I think I know the problem you're having. It wouldn't be apparent to anyone who's never removed a trans on a 4WD Sentra. It's probably not a matter of the clutch being aligned properly, it's a matter of fitting the trans/transfer case assy to the engine itself. They do not slide together on a horizontal plane like any other FWD Nissan. Because the transfer case sort of "wraps aound" the back of the block, you have to almost "twist" them together at an angle. It's hard to explain but I would never try it with the engine in the car. It definately has to be done on the shop floor. OK, I did do a Sentra 4WD clutch on a customer's car once and left the engine in, but it was a bastard and I'll never try that again. In any case, you might have to grind a clearance notch in the corner lower edge of the block, just enought to get them together. Stick with it, you will get it. It will be worth it, twin cam 4WD Sentras are lots of fun.


----------



## DAniel62 (Jul 15, 2005)

Blownb310 thats exsacly the problem im having and i know what ur talking about...it needed to be twisted off which mean twisted back on too. I have been doing it on the shop floor and we played around with it for ages! But can u go into futher detail about the clearance notch? because theres one thing that is slightly different and that is a little 'eye' (i spose u wuld call it) with a whole thro it right beside one on the holes for the bolts on the engine block. On my old engine have of it has been cut or ginded off on my new one it hasnt. It doesnt seem to be affecting any thing but is this what u r talking about? 

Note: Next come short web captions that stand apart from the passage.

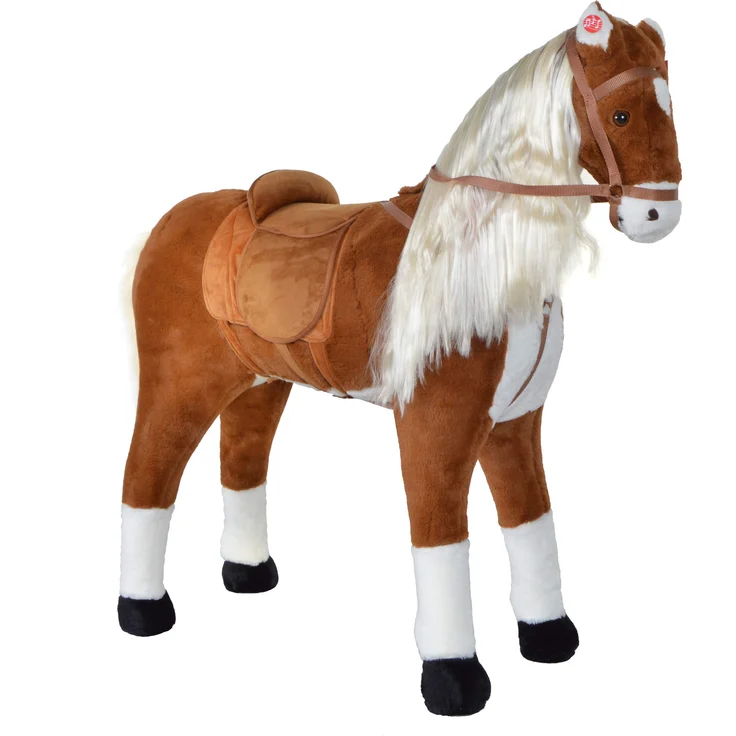 XXL Plüschpferd 105cm - Elsa, das riesige Reitpferd für Kinder, tolles Stehpferd zum Draufsitzen inkl. kleiner Bürste, 100kg Tragkraft - ein Kindertraum für Mädchen! Farbe: braun/blonde Mähne - Preisvergleich – Bild 1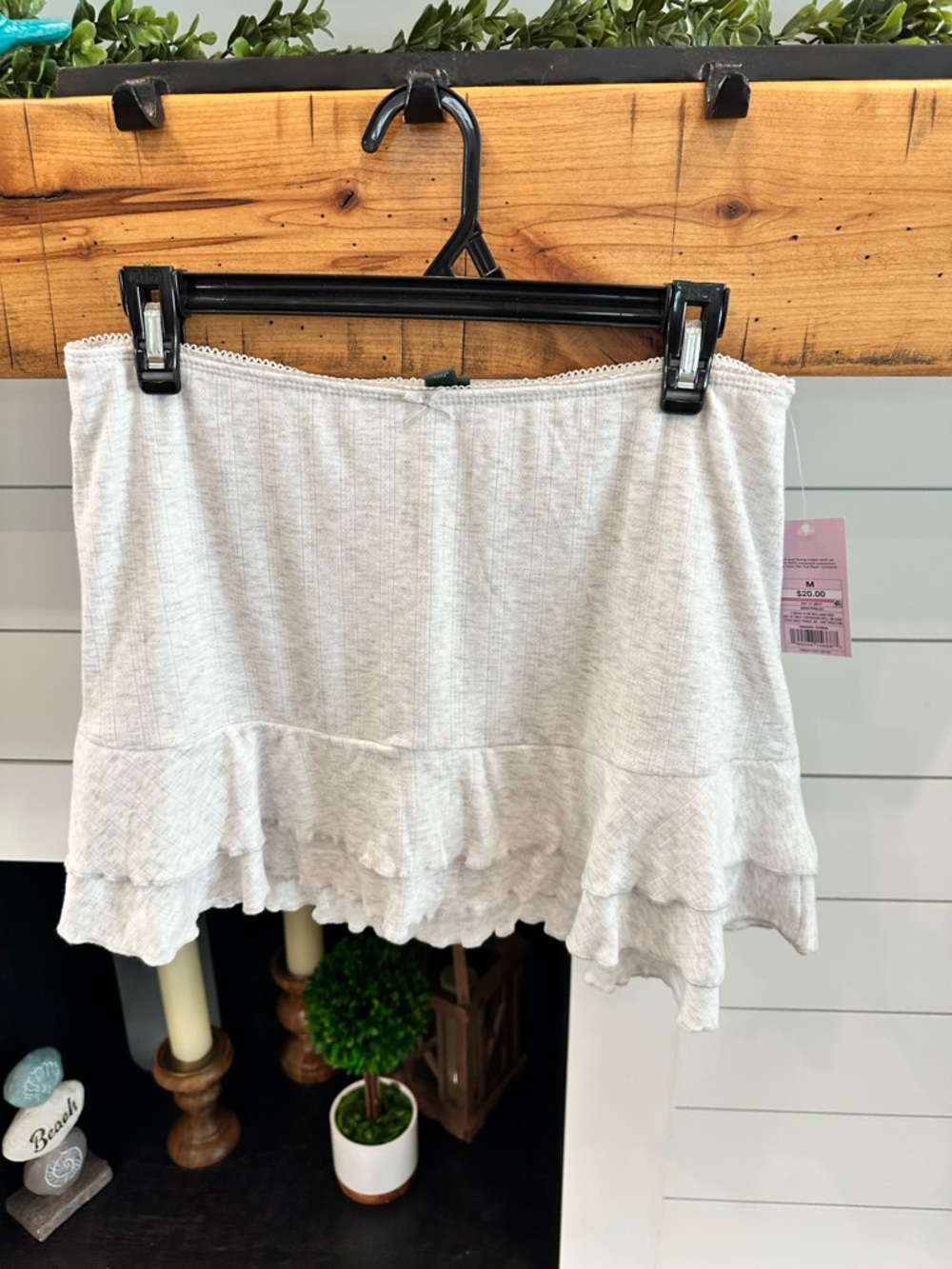 Wild Fable Heather Gray Mini Skirt with Ruffle Hem
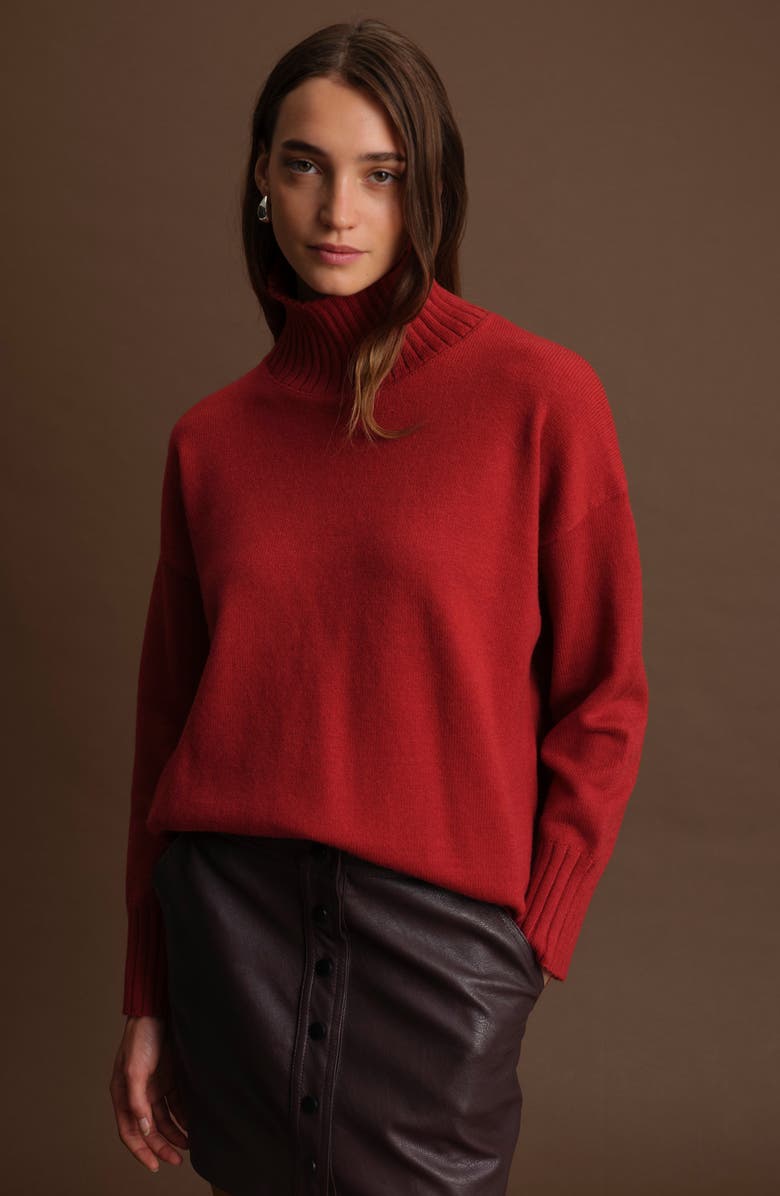 DELUC Peter Mock Neck Sweater, Alternate, color, Burgundy
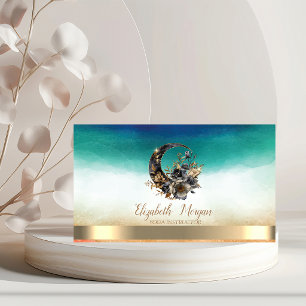 Carte De Visite Aquarelle lune florale élégante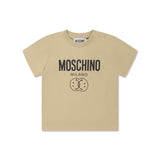 Moschino Kids T-shirt Natural con Stampa per Neonati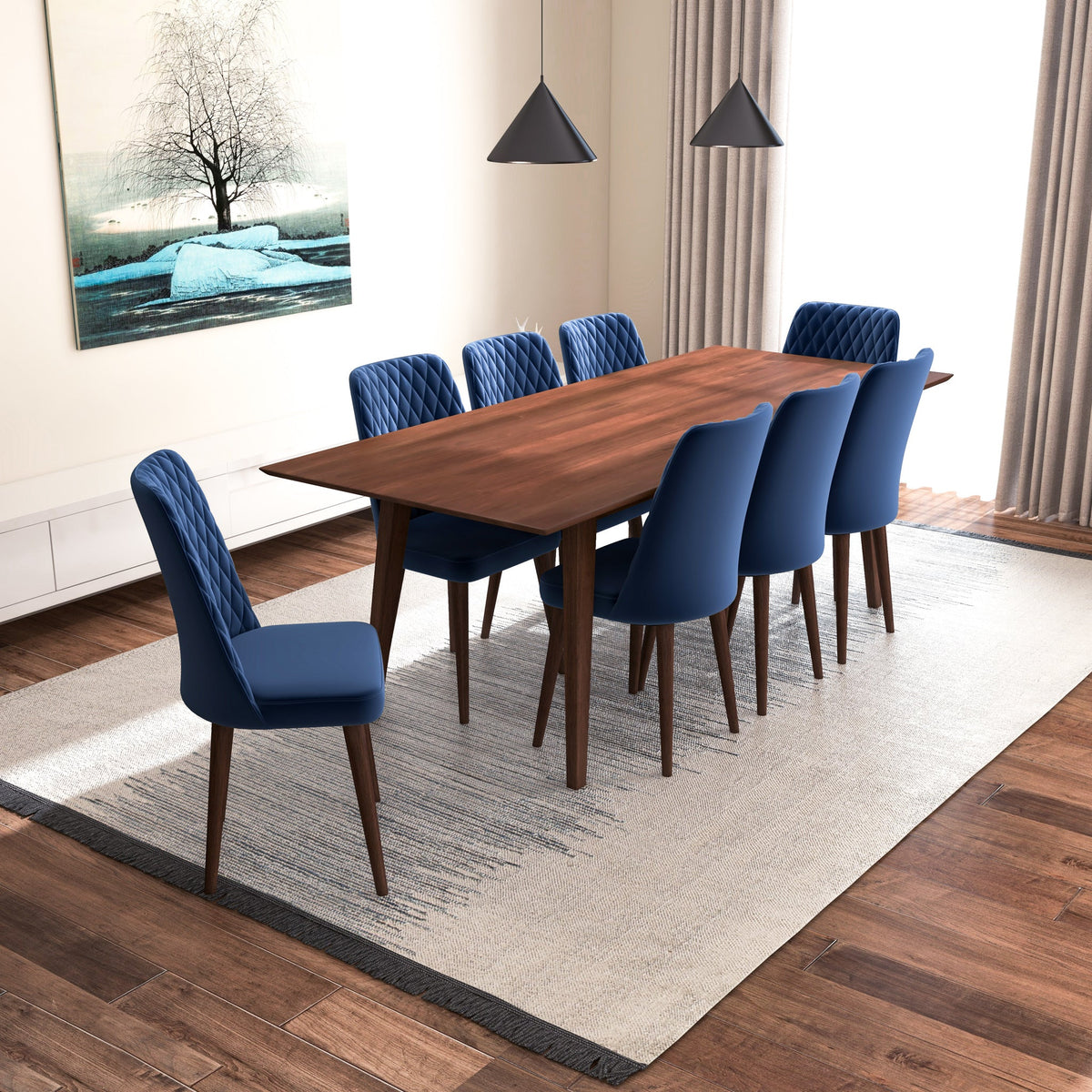 Adira (Xlarge - Walnut) Dining Set With 8 Evette (Blue Velvet) Dining Chairs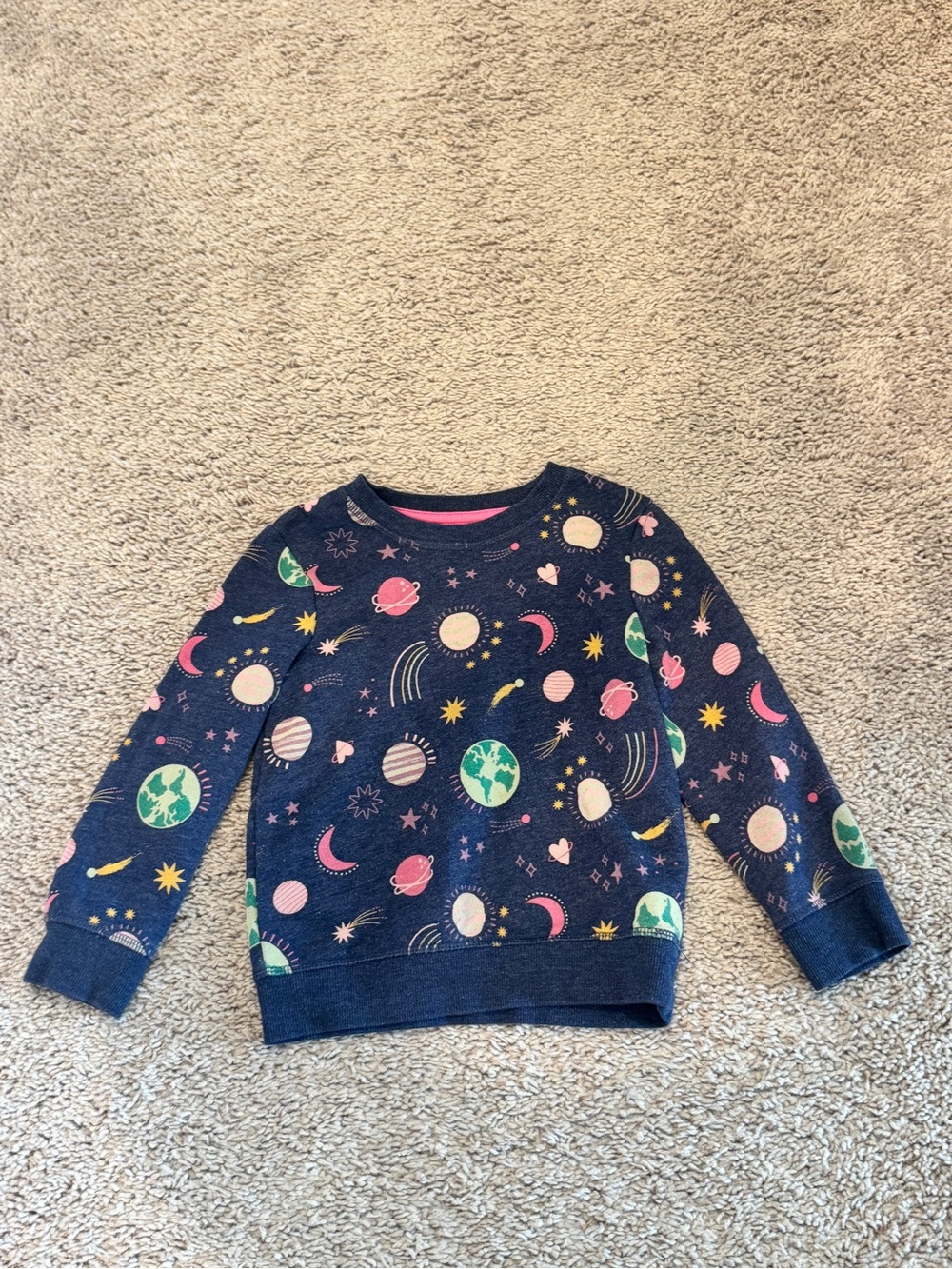 Cat & Jack Navy Space Print Sweatshirt with Pink & Green Accents
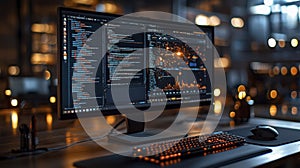 Modern Desktop with Code and Data Visualization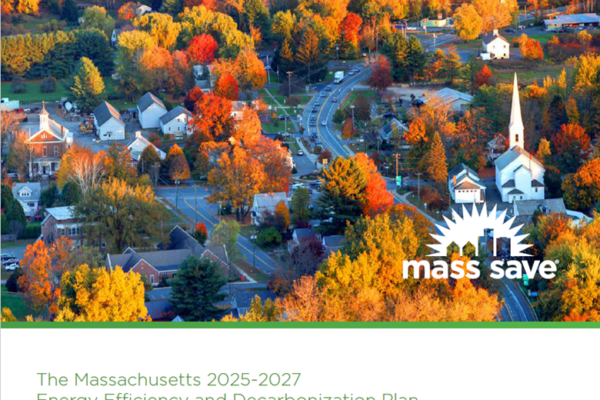 The cover photo from Mass Save's 2025-2027 Energy Efficiency and Decarbonization Plan. The photo shows an aerial view of a town in the fall.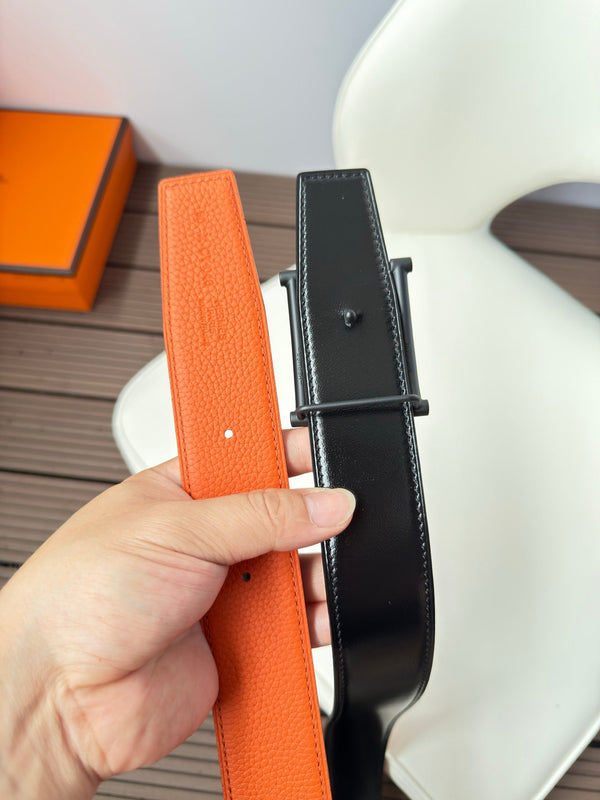 H JUMPING BELT 38MM BLACK BUCKLE & REVERSIBLE ORANGE AND BLACK LEATHER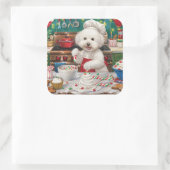 Sticker Carré Bichon Frise Gîtes : Festif Noël (Sac)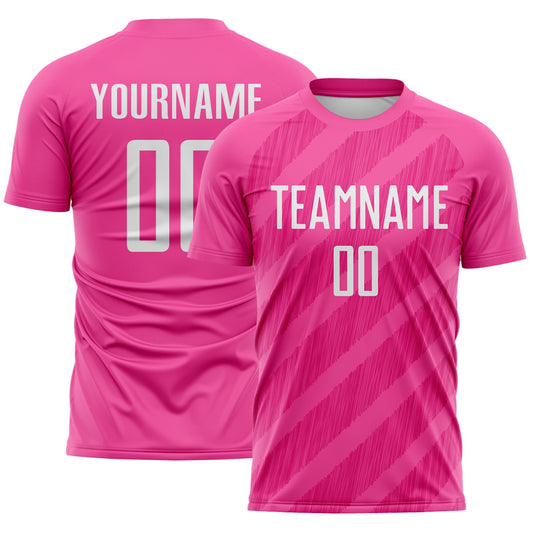 Custom Pink White-Hot Pink Diagonal Stripes Sublimation Soccer Uniform Jersey - Main View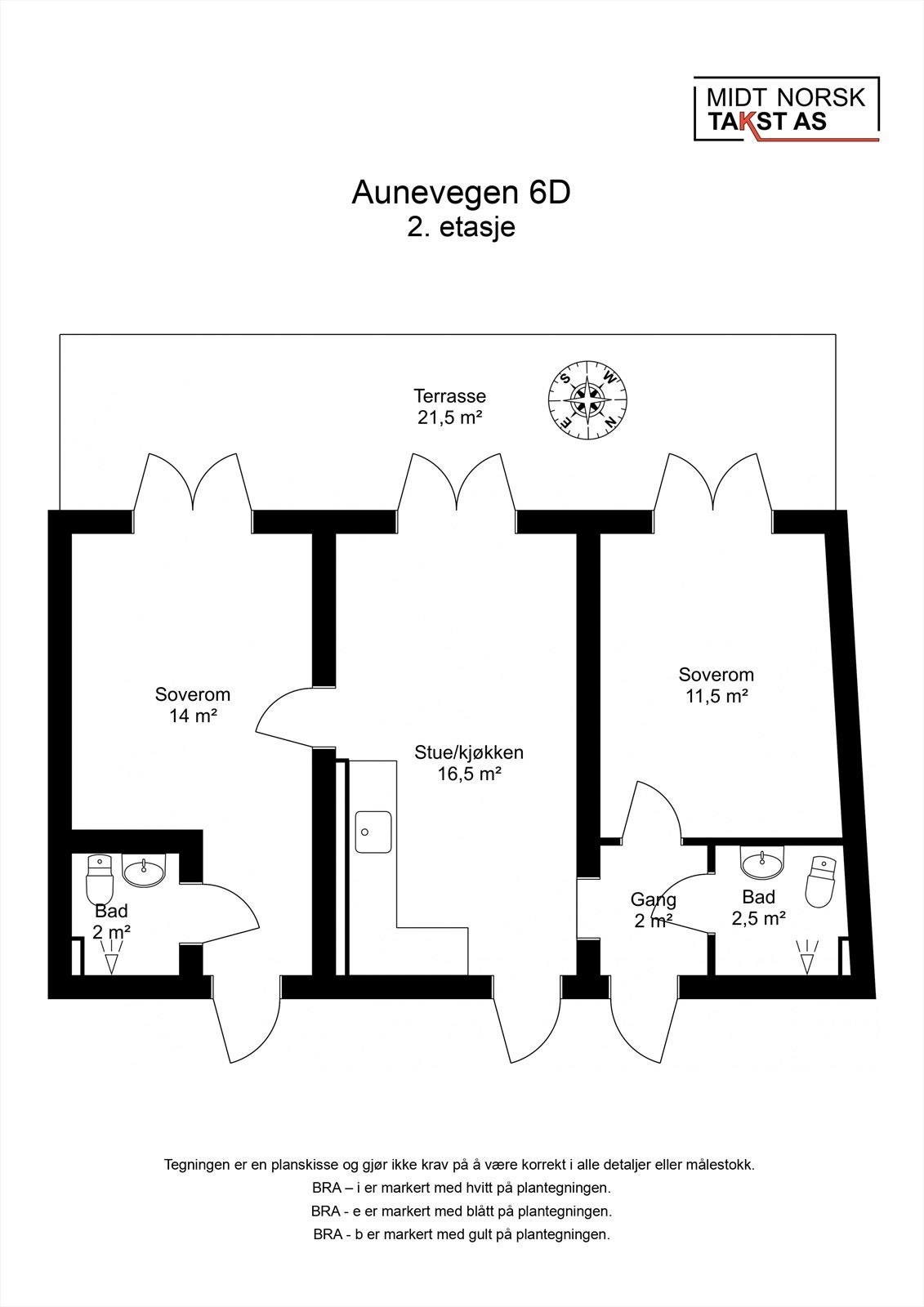 Planskisse leilighet 2. etasje Galleribilde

Also just a little off subject i was wondering if yous could give me any details on the GA15 DOHC engine such as hp and stuff. DO u know what the front wheel to rear wheel drive ratio is in my 4WD. 

Cheers


----------



## blownb310 (Jun 10, 2002)

DAniel62 said:


> Blownb310 thats exactly the problem im having and i know what ur talking about...it needed to be twisted off which mean twisted back on too. I have been doing it on the shop floor and we played around with it for ages! But can u go into futher detail about the clearance notch? because theres one thing that is slightly different and that is a little 'eye' (i spose u wuld call it) with a whole thro it right beside one on the holes for the bolts on the engine block. On my old engine have of it has been cut or ginded off on my new one it hasnt. It doesnt seem to be affecting any thing but is this what u r talking about?


Yes, it sounds like it. If that extra "eye" hole is causing the interference, I'd trim it to allow fitment. I really don't remember what I ground off mine to make it clear, but it was definately in the area near the outer bell housing bolt and where the block's dowel pin hole was. I just looked at it closely and ground off a bit of the corner of the block. No harm in that, and it went together fine afterwards. 




DAniel62 said:


> Also just a little off subject i was wondering if yous could give me any details on the GA15 DOHC engine such as hp and stuff. DO u know what the front wheel to rear wheel drive ratio is in my 4WD.
> 
> Cheers


 We never got the GA15D here, so I don't know what the specs on it are. The US cars all got the GA16DE's which are all port injected, no throttle bodies ar carburetors. Our 4WD B12 wagon's have 3.70 rear gear ratio.


----------



## DAniel62 (Jul 15, 2005)

ok thanks ill give it a try.

3.70 doesnt really mean much to me... like whats the percentage of the drive go to the back wheels. I thought that they much but quite even between the front and back cos it just never seems to get suck that all the wheels start to spin at the same time. Like in comparison my mums primera will very rarely spin the front wheels and wont go half the places i can take my car!


----------



## blownb310 (Jun 10, 2002)

Oh I see, you meant the torque split between front and rear. Well here the '87 and '88 B12 4WD wagons had a button in the shift handle for engaging and disengaging the 4WD. They would be 50-50 locked together. No limited slip diffs in these cars. 

In '89 and '90 they did away with the switch in the shifter and went with full time AWD. They did this by adding a viscous coupling at the front of the rear driveshaft, the same way Subaru does in the WRX's. Because it is a fluid coupling, I don't know what the torque split is. I think it varies accoording to load. 

I have added a Subaru Limited slip rear differential to my car, so my drivetrain matches the WRX's we have here. They too have a VLSD center and rear diff, with an open front diff.


----------